トラックが悪いんじゃん……と言ったって事故ったら悲惨! 知っておくべき大型トラック運転士の「見えにくい場所」とは (2/2ページ)

大きなトラックには死角が多い

 まず気をつけてほしいのは、大型トラックの運転席からは自転車や原付バイクなどの小さな対象は、とにかく気づきにくいというところ。運転席の下部にエンジンを装備するという特性上、大型トラックの運転席はかなり高い場所に存在する。その高低差によって、目視での確認ができなくなるのだ。つまり、死角が生まれてしまうのである。

 たとえば赤信号で停車する際。自転車や原付バイクであれば、すり抜けて行ってでも先頭に出たいと考える人が多いだろう。信号待ちの先頭が車高が低い乗用車ではなく大型トラックであったとしても、その前方に出てしまうのだ。これが、じつに危険で厄介な行動なのである。

 もちろん、大型トラックには車体の前部状況を確認するためのアンダーミラーが装備されている。発進する際にそれさえ常に確認していれば事故を防ぐことができるのだが、100%確認しているかといえば現実的ではない。それに先頭で停車している以上、大型トラックのドライバーは信号が青になれば即座に走り出そうとする。

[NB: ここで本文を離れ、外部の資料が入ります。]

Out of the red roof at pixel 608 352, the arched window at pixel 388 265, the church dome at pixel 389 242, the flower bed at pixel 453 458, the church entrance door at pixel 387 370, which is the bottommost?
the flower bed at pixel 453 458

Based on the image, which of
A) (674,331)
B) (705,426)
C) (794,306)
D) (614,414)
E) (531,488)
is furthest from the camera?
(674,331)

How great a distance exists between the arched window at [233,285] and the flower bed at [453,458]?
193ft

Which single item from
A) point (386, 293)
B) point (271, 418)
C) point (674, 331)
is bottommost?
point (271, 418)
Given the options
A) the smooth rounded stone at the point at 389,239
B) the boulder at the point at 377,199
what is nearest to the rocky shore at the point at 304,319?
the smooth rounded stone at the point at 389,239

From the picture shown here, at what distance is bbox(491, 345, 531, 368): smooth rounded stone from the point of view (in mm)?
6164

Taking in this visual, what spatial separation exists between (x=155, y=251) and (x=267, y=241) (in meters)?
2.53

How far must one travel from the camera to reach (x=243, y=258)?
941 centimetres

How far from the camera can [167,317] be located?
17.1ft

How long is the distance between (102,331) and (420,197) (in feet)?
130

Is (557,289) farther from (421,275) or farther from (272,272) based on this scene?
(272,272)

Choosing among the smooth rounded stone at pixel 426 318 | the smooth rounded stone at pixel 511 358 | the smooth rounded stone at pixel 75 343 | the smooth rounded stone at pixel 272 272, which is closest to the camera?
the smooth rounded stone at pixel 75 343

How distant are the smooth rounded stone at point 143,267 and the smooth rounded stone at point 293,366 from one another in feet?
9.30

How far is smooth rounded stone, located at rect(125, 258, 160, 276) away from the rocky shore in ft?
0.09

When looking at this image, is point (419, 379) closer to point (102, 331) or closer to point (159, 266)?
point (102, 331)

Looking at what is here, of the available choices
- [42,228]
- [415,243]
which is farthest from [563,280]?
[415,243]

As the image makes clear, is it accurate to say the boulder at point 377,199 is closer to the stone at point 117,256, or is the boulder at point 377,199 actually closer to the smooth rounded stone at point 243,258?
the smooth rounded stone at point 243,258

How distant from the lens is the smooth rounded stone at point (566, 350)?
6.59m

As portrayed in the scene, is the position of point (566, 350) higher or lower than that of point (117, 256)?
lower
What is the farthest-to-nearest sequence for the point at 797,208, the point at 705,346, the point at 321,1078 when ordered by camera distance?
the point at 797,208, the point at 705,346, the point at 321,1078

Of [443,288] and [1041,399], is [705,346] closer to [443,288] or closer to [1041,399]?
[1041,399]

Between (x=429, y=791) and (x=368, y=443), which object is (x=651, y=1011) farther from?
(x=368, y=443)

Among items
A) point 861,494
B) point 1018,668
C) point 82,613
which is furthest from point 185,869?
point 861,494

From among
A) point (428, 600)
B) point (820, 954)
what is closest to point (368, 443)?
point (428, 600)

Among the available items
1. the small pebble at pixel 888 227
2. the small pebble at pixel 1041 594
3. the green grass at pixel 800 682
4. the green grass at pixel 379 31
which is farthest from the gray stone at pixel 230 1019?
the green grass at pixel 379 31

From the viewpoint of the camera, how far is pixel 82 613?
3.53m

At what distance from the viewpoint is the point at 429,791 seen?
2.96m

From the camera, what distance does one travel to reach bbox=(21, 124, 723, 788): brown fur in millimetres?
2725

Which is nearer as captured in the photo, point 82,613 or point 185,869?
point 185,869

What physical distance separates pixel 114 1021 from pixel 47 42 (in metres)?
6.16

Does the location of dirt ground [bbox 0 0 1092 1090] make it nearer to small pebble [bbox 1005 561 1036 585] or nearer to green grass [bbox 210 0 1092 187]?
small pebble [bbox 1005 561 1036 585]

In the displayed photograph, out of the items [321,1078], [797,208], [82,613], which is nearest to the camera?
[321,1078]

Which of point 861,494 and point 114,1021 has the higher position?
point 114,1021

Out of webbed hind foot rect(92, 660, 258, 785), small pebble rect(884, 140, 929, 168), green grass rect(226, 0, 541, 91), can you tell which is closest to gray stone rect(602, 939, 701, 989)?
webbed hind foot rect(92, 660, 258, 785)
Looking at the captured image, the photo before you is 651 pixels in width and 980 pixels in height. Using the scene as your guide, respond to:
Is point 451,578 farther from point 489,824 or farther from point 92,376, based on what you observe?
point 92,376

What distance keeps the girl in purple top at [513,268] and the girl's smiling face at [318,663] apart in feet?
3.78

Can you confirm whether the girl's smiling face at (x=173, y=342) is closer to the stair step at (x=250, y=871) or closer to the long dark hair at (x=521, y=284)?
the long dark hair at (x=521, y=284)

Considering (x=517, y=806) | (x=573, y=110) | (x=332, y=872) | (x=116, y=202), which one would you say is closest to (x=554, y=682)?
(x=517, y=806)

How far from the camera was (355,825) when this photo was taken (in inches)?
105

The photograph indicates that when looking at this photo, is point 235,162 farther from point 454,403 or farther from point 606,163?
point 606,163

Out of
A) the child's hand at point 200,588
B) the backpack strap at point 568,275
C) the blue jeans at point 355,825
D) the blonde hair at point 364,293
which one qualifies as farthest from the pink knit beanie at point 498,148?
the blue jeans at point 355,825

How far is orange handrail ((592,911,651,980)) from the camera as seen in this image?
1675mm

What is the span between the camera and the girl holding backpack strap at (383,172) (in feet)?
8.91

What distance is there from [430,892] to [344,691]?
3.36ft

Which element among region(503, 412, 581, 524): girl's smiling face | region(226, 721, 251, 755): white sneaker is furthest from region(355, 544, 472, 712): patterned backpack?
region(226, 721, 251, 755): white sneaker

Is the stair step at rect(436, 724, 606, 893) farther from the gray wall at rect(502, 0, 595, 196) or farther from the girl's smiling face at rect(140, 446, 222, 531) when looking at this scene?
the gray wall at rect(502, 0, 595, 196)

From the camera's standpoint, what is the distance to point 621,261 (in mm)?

このときに大型トラックの前方に割り込んだ自転車や原付バイクが発進に遅れてしまうと、予期せぬ大事故へと発展してしまうのだ。

 ゼロスタートであるため、大型トラックは遠慮なくアクセルを踏み込む。その結果、自転車や原付バイクをしばらく引っ張ってしまうということになってしまうのだ。

 後は、左折態勢に入っている大型トラックの左側に近づく行為もご法度。たとえ大型トラックの左側が空いていたとしても、そのスペースは内輪差によって消え失せてしまう。そんな場所に不用意に突っ込んでしまうと、もう手遅れ。最悪の場合、車体ではなく後輪に轢かれてしまうため、命の保証ができなくなるのだ。

 そんな巻き込み事故を防ぐために対策ミラーと呼ばれるものが大型トラックには装備されているのだが、当然のことながら対策ミラーばかりを気にして運転するわけにはいかない。進行方向や左右側の状況も確認しながら進むということになるため、自転車や原付バイクを運転する人にはとくに注意してほしい部分である。

 自転車から大型トレーラーまでもが共存する日本の交通社会。その一員である以上、常に自分の運転には細心の注意を払いたいものである。